THE TASK
Leave out all pictures while repeating the records exactly and completely.

◆ ◆ ◆ ◆

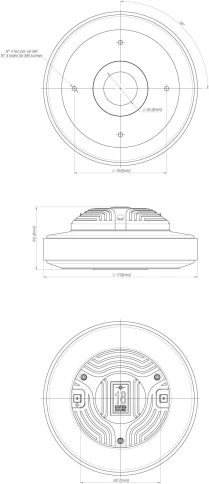 EIGHTEEN SOUND HD3020T/8 - драйвер 2', феррит, 8 Ом, 110 Вт AES, 110dB, 800...20000 Гц фото 4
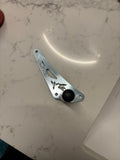 Chrome shift lock bracket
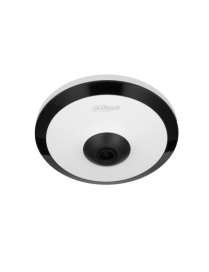 Câmara IP Fisheye 5MP Dahua IPC-EW5541-AS com IR 10M e PoE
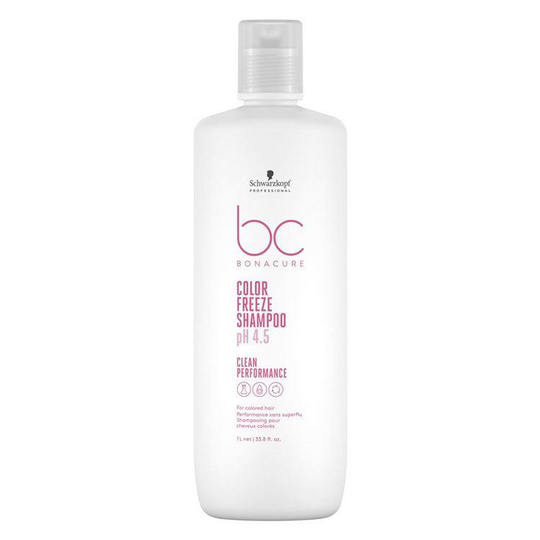 Schwarzkopf Professional BC Bonacure Color Freeze Shampoo 1 000 ml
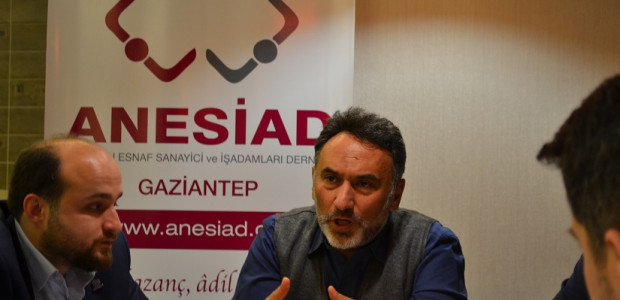 Anesiad Gaziantep Ailesi İstişare Kampında Buluştu - 1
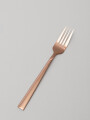 Tenedor Asher Set 4 Un. Rose Gold Color Unico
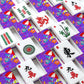 Bird on a wire American Mahjong Tiles
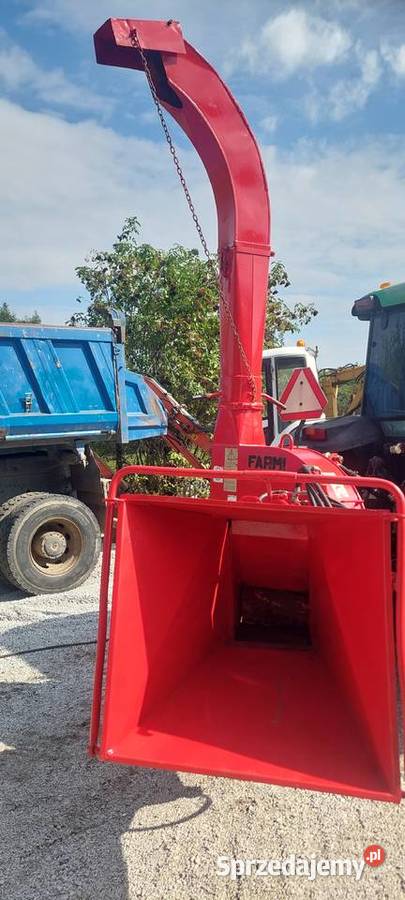 Rębak do ciągnika farmi forest Hf 231260 dolnośląskie Wałbrzych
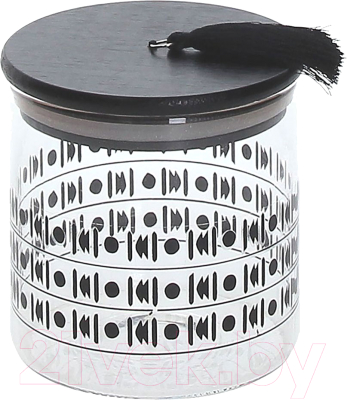 

Емкость для хранения Tognana, Transparenz Fringe Nero / T65BAP70093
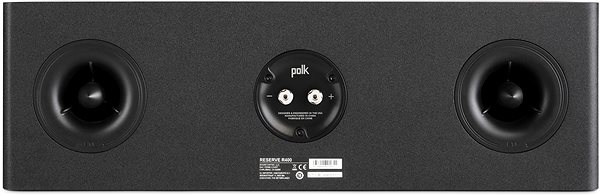 Hangszóró Polk Reserve R400 - fekete Hátoldal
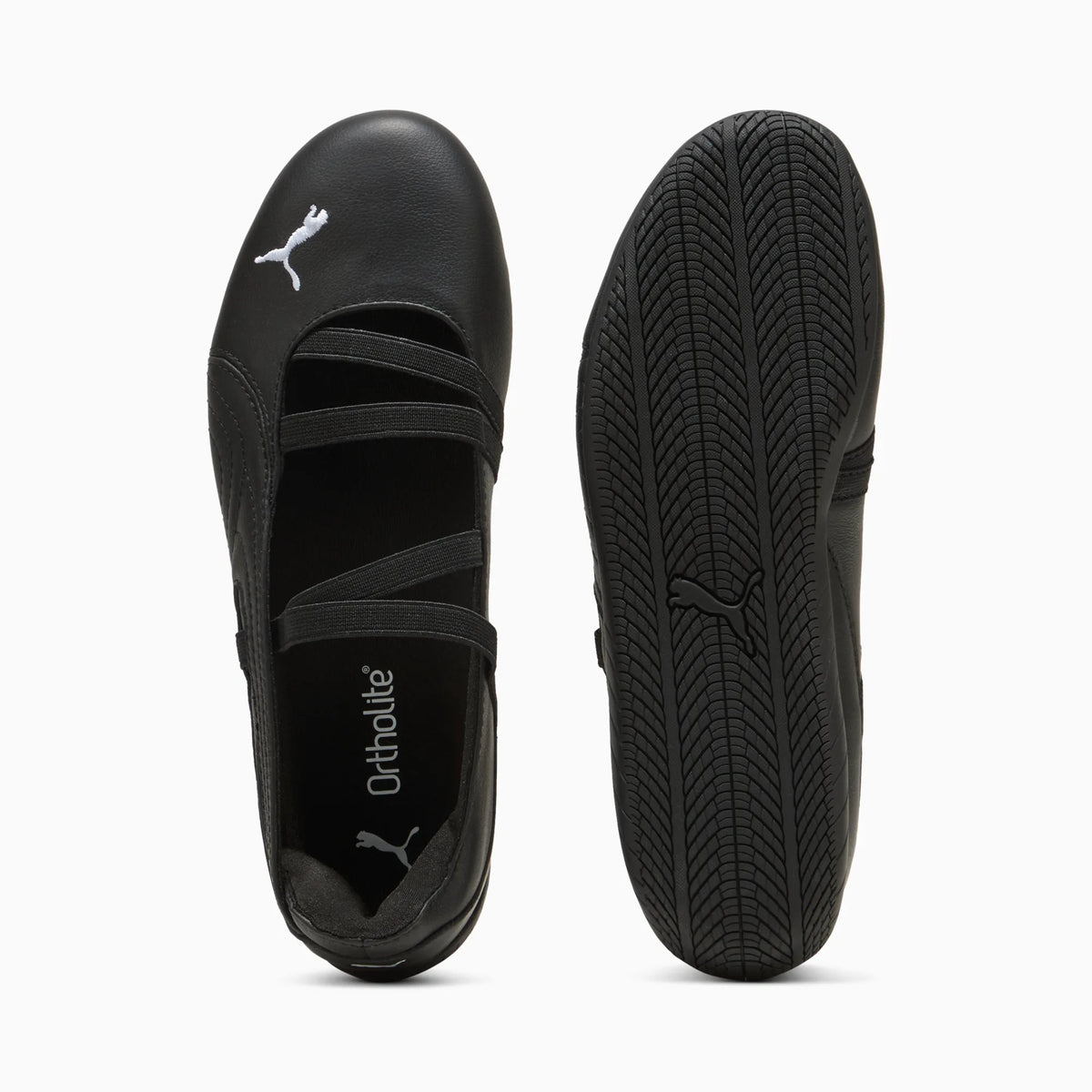 PUMA Black-PUMA White
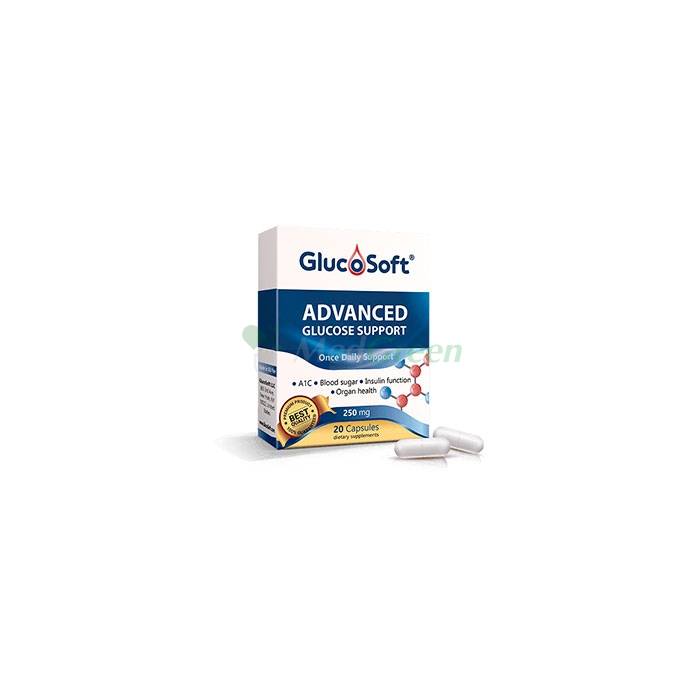 ✦ GlucoSoft - diabetic health capsules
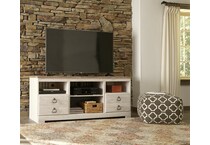 whitewash wall units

◆ ◆ ◆ ◆

RESPONSE TO THIS TASK
 EIGHTEEN SOUND HD3020T/8 - драйвер 2', феррит, 8 Ом, 110 Вт AES, 110dB, 800...20000 Гц фото 4
 Chrome shift lock bracket
 Câmara IP Fisheye 5MP Dahua IPC-EW5541-AS com IR 10M e PoE
 Schwarzkopf Professional BC Bonacure Color Freeze Shampoo 1 000 ml
 Anesiad Gaziantep Ailesi İstişare Kampında Buluştu - 1
 Tenedor Asher Set 4 Un. Rose Gold Color Unico
 Bird on a wire American Mahjong Tiles
 Rębak do ciągnika farmi forest Hf 231260 dolnośląskie Wałbrzych

Емкость для хранения Tognana, Transparenz Fringe Nero / T65BAP70093
 Hangszóró Polk Reserve R400 - fekete Hátoldal
 PUMA Black-PUMA White
 ✦ GlucoSoft - diabetic health capsules
 whitewash wall units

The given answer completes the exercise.